Shrink the lawn?

The picture below shows the view from our front porch. The whole neighborhood is pretty much the same. The predominant vegetation is lawn. It’s very park-like and certainly not unattractive.


As a family with four kids, our front and back lawns have gotten a lot of use:

There’s football.


Handstands are popular.


And then there’s the rare but always exciting worm contest …

So why get rid of any of the grass?

1. All that lawn is a hassle to mow.


2. A big chunk of the lawn never gets used.

3. Turfgrass doesn’t attract butterflies or birds (beyond robins hunting for worms and flocks of grackles in the fall).

Reducing water consumption and use of chemicals are additional reasons often given for shrinking a lawn. These reasons aren’t as relevant for us. We aren’t very vigilant about watering the lawn, we’ve applied weed-n-feed perhaps 6 or 8 times in the 19 years we’ve lived here, and I’ve managed to get a handle on the dandelions by using the Weed Hound consistently for the past 3 or 4 years.

Shrinking the lawn also supposedly saves time and energy because less mowing and raking is needed, but the lawn has to be replaced with something. Unless it’s being swapped out for paving, my guess is that at least as much time and energy is required to maintain the new plantings as were needed to maintain the lawn.
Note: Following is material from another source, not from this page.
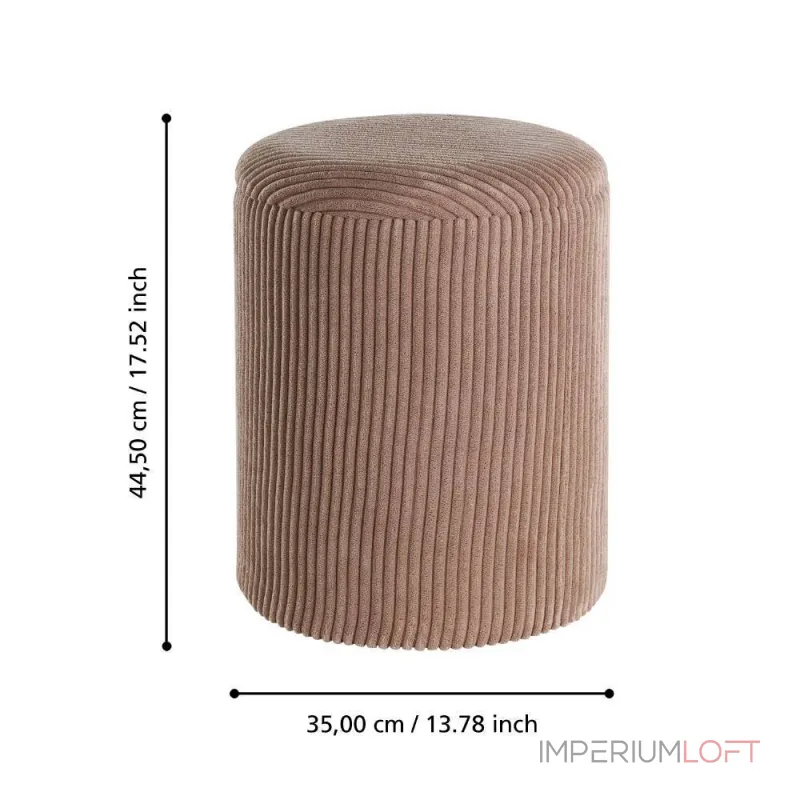 Пуф Eglo VAVATENINA 424139 от ImperiumLoft Пуф Eglo VAVATENINA 424139 от ImperiumLoft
Establishing the new plantings is a big job, too, calling for planning and hard work, so it isn’t surprising that many people (myself included) just keep on a-mowin’.

Let’s go back to reason #3 above. This is the big one for me. Over time, I plan both to switch out non-native plants for natives and to increase the amount of the yard given over to plantings. This is the current (fairly nebulous) plan for the front yard:


How long will this take? Good question. We’re currently working on projects in the back and side yards, so I see the bed nearer to the house as Phase 2  or 3 and the bed by the street as Phase 3 or 4, which could take … No, I won’t even speculate how many years might pass before the areas marked in orange are replanted. There’s sod to remove, research to do, plants to propagate or buy, current beds to maintain and improve, and long winters to wait through. I’ll keep you posted!